Au fond de nous, chefs d’entreprise, nous restons positifs.Pour autant, il y a une réalité. La rentrée est brutale, d’autant plus devant l’annonce d’un gouvernement qui a de grandes chances de se crasher.  Ça perturbe à nouveau. L’année dernière, à la même date, on n’avait …personne, pas de gouvernement. Un an plus tard, toujours pas de stabilité politique, ce n’est pas de nature à nous plonger dans une visibilité qui nous permet d’investir, d’avancer de façon sereine. Une entreprise, je l’ai souvent dit, quelle qu’elle soit, et quelles que soient ses priorités, doit d’abord savoir où aller, avoir la capacité de se projeter. 

 

« Il faut libérer le travail. Laisser bosser les gens. Favoriser la création de richesses plutôt que taxer la création de richesses. »

 

 

La délégation UPE 06, ce 27 août, sur le stand du Medef Sud Corsica

 

 Une solution à court (moyen, on est en France…) terme ?

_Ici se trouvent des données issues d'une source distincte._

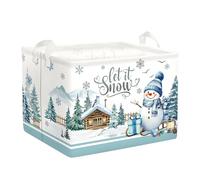 HUUMONSS Snowman Christmas Gift Basket Christmas Tree Shelf Toy Storage Box Collapsible Baby Nursery Hamper, Blue, 36L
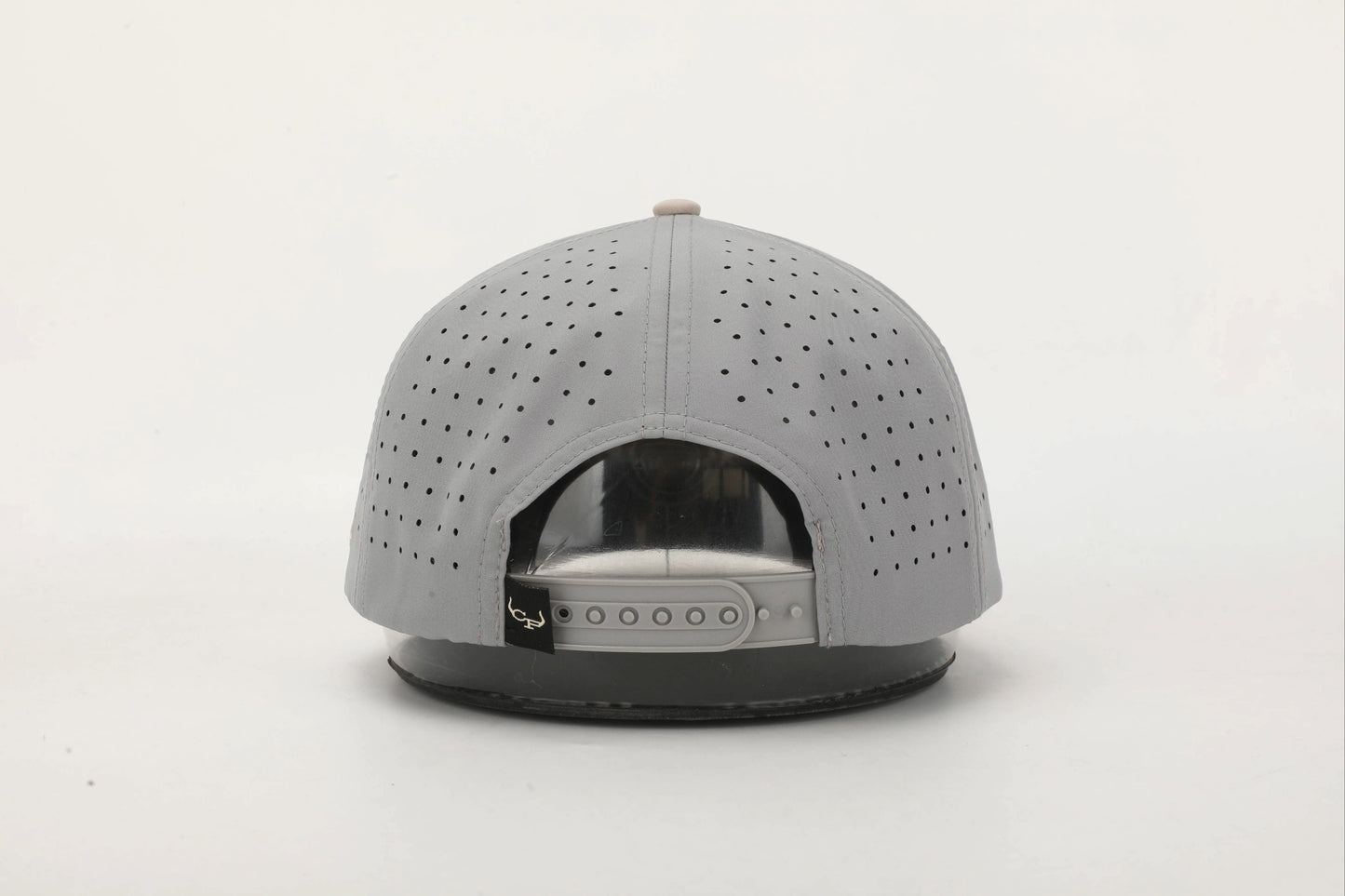 Gray and Beige cap with 'Buck the System' logo in Old Gold embroidery, Back View.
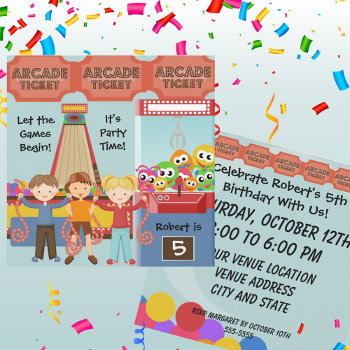Three Kids Arcade Birthday Party Invitation by kids_birthdays at Zazzle
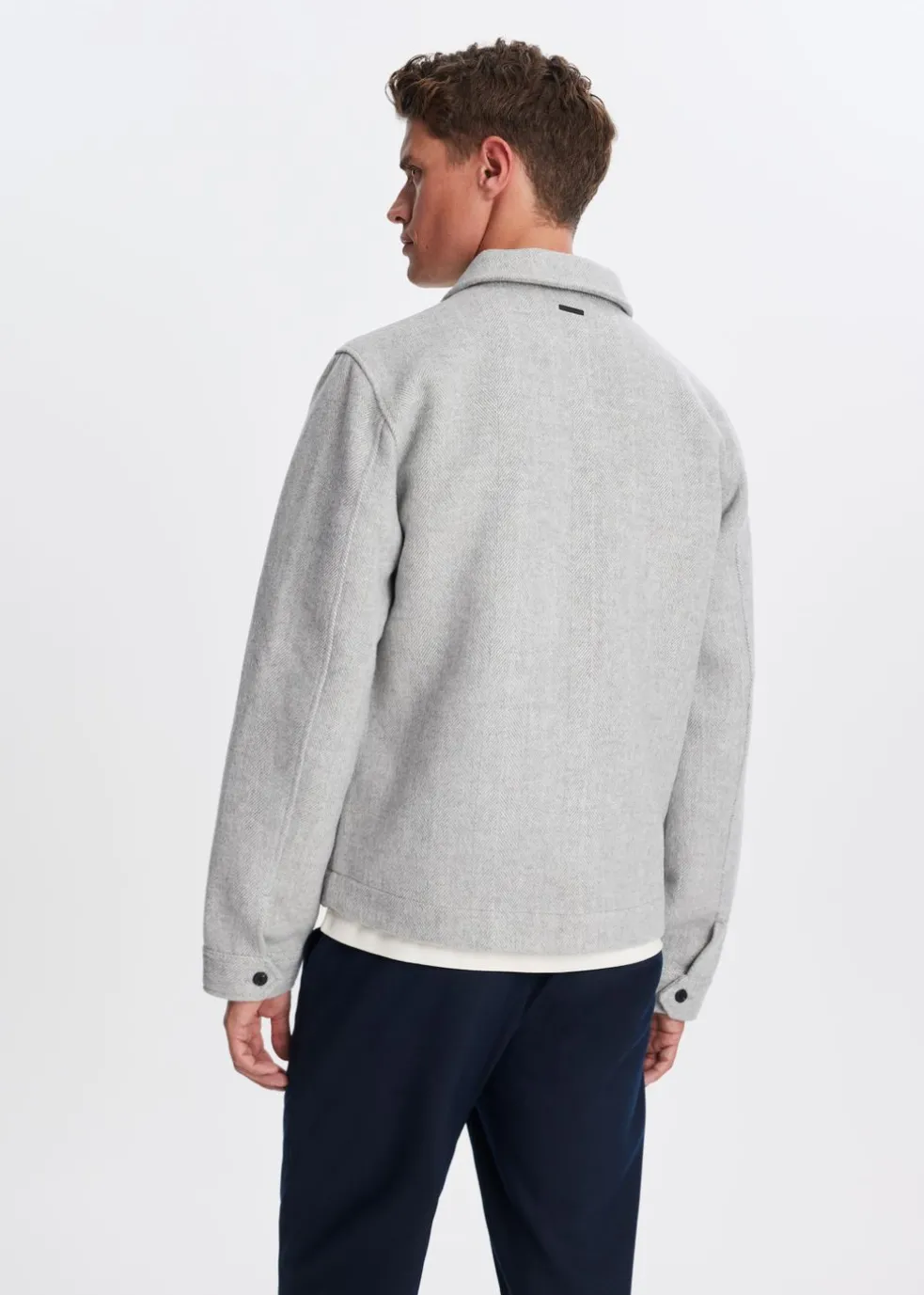Overshirt met visgraatdetail
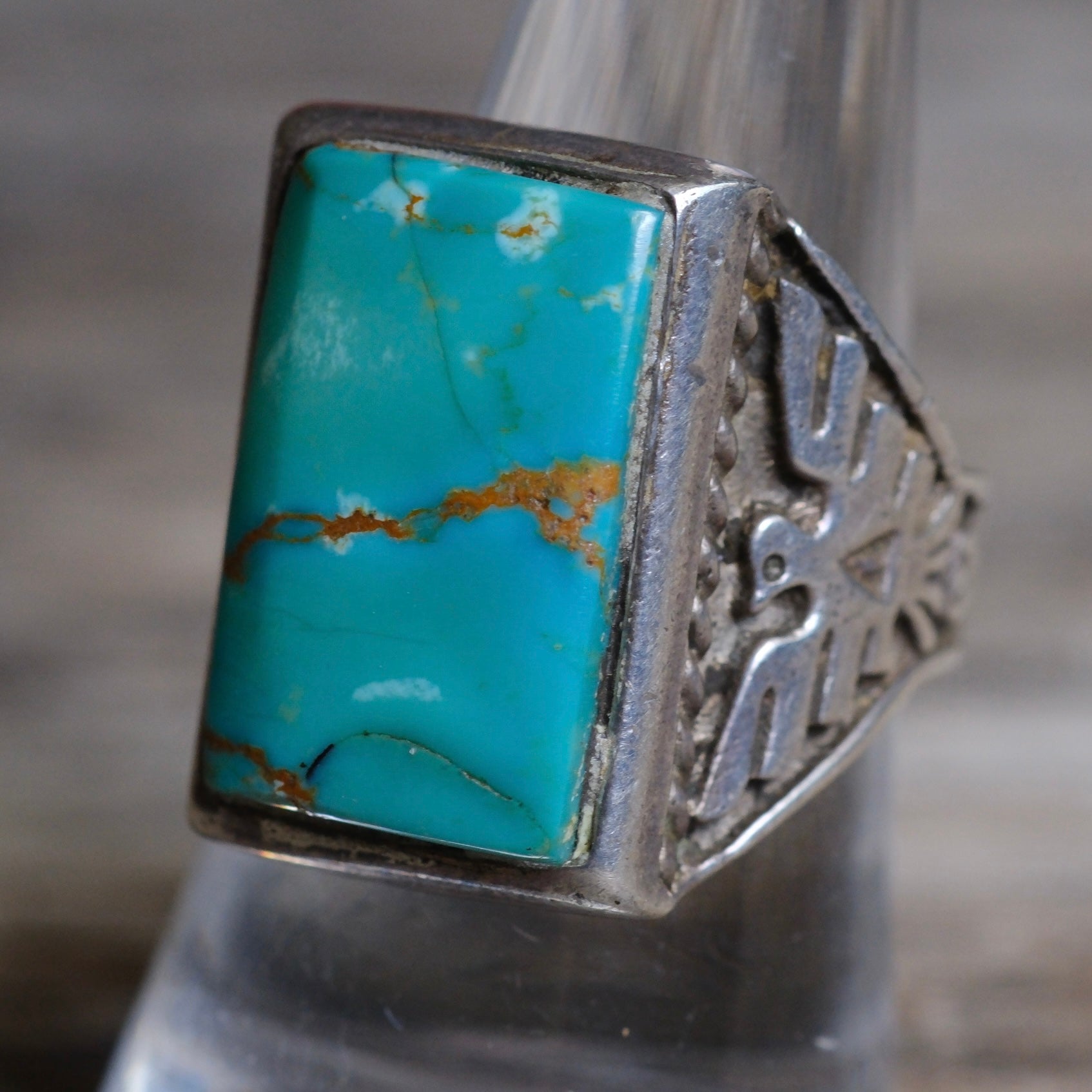Vintage Sterling Turquoise Thunderbird Ring 9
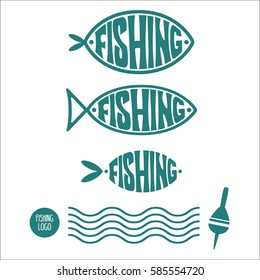 Vector illustration, set fishing logo with a wave element and float, turquoise on a white background. Isolated.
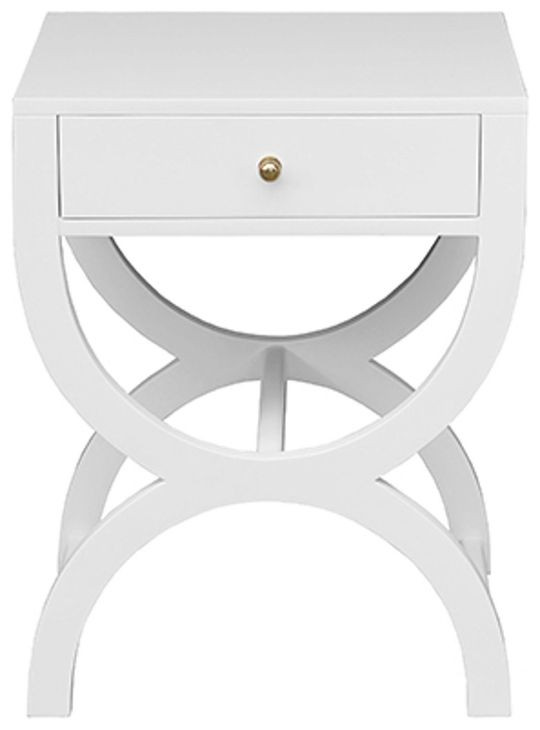 Alexis Matte White Lacquer Rectangular 1 Drawer Side Table
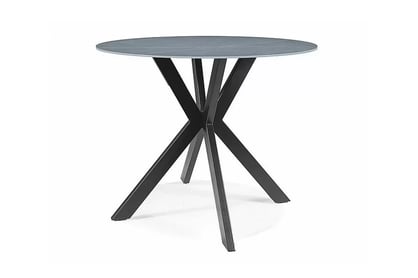 Okrúhly stôl Solmira 90 cm keramický - sivý mramor / čierne nohy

Il faut avoir le courage de dépenser moins. La solution, c’est de réduire -vraiment- les dépenses publiques. Ce n’est pas la seule solution, mais c’est l’une des priorités. Si on veut faire 44 milliards d’économies, automatiquement, se dégagent deux hypothèses : soit réduire les dépenses, soit augmenter les recettes. Augmenter les recettes, ça n’est plus possible, nous sommes déjà les leaders mondiaux en termes de taxes. Donc il faut réduire les dépenses. Encore une fois, c’est mathématique.

 

« Le chef d’entreprise joue avec son portefeuille. Il dépense l’argent qu’il a transpiré, pas celui des autres »

 

 

Une conclusion sur la REF. Premières impressions 2025 ?

 

La REF pour moi, c’est le maximum de rendez-vous pour s’inspirer de ce que font d’autres territoires… C’est très important de pouvoir identifier les pistes, quelles qu’elles soient, mises en place ailleurs, celles qui fonctionnent. C’est tout l’intérêt de la REF : échanger avec d’autres territoires, d’autres dirigeants, hors écosystème azuréen, sur des problématiques qui, en règle générale, sont communes, mais qui sont parfois perçues -ou traitées différemment. Enrichissant.